1 (Revisi)

152 12 1
                                    

"Ribet banget sih, mana harus bawa yang kayak ginian lagi."seorang gadis baru saja menuruni anak tangga. Berpakaian putih biru serta mengenakan hijab. Tak lupa kacamata minus yang selalu ia gunakan. Tangan kirinya membawa satu kantong kresek hitam dengan berbagai macam isinya. Tak lupa tas plastik yang ia rias dengan berbagai macam hiasan.

"Gimana udah siap, dek?"seorang perempuan paruh baya memasuki kamar anak bungsunya. Sarah, ibunda dari Anjani Dwi. Seorang remaja perempuan yang sekarang menginjak bangku Sekolah Menengah Atas. Tetapi, Anjani akan tetap menjadi gadis kecilnya yang sangat cantik dan menggemaskan.

"Udah dong, ma."Anjani seraya tersenyum riang, merapikan berbagai macam barang yang akan dia gunakan semasa Masa Orientasi Sekolahnya di hari pertamanya ini.

Ya, memang ini adalah hari pertamanya menginjakan kaki di SMA. Sebagaimana sudah menjadi program pemerintah untuk melaksanakan MOS di setiap sekolah-sekolah, baik smp maupun sma.

"Kamu mau sekolah atau ke pasar sih, dek? Kok kakak liat kayak orang yang mau jualan aja?"ujar Wulan --kakaknya yang sedari memperhatikannya diruang makan.

"Kakak kayak gak pernah ngerasain aja. Dulu juga kakak malah lebih parah dari ini. Mana harus diiket lagi rambutnya, terus harus naik angkot lagi, terus kaos kaki item putih, jam tangan pake tutup botol, dan yang lebih parah lagi, rambutnya diiket harus sama kayak tanggal lahir. Berarti harus dua puluh tiga iketan."tawa Anjani pecah saat itu juga. Memang pasalnya Wulan jauh menderita dari pada ini. Sarah yang sedari tadi memanda kedua putrinya juga itu tertawa. Sedangkan Wulan menatap Anjani dengan tatapan ingin menerkam.

"Awas ya kamu!"Wulan melemparkan tatapan tajam.

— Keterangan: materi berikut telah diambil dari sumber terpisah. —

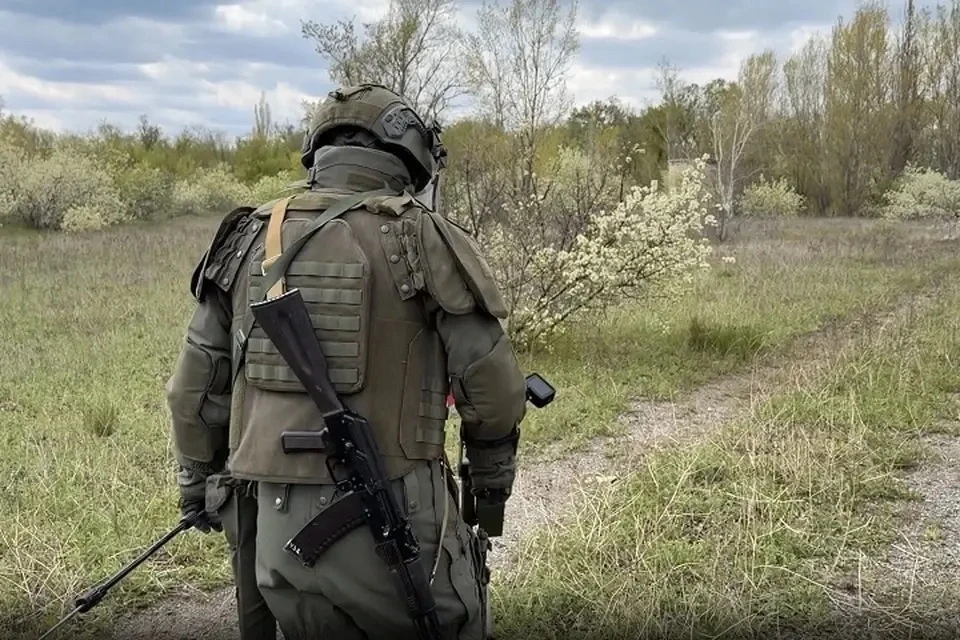 «Приходится иметь дело с коварными и непредсказуемыми устройствами»: Саперы ВС РФ ежедневно разминируют освобожденные населенные пункты ДНР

"Eh udah dong, lanjutin sarapannya kak. Adek juga cepetan sarapan, kalo telat gimana? Ini kan hari pertama kamu MOS."Sarah melerai perdebatan kecil kakak beradik itu.

"Tauk kamu. Kalo kesiangan gak bisa baris paling depan, tar gak bisa liat cogan lagi."Wulan terkekeh dengan guyonan pada adik semata wayangnya itu.

"Kakak..."lerai Sarah.

"Iya..iya mah."ucapnya pasrah.

Anjani dan Wulan memang terpaut usia cukup jauh hingga delapan tahun. Walaupun tidak jarang pertengkaran sesekali menghampiri. Namun selalu ada yang mengalah, bukan berarti salah. Tapi hanya ingin meringankan masalah.

Menurut mereka, itu memang bumbu persaudaraan. Perselisihan yang membuat mereka berdekatan dan saling menguatkan dalam satu ikatan. Tanpa meninggalkan rasa benci yang menyelimuti hati, kemudian berkontraksi dan tak terasa saling menyakiti.

****

Anjani memasuki gerbang SMA Nusa Bangsa. Dilihatnya setiap sudut, seperti sedang mencari seseorang.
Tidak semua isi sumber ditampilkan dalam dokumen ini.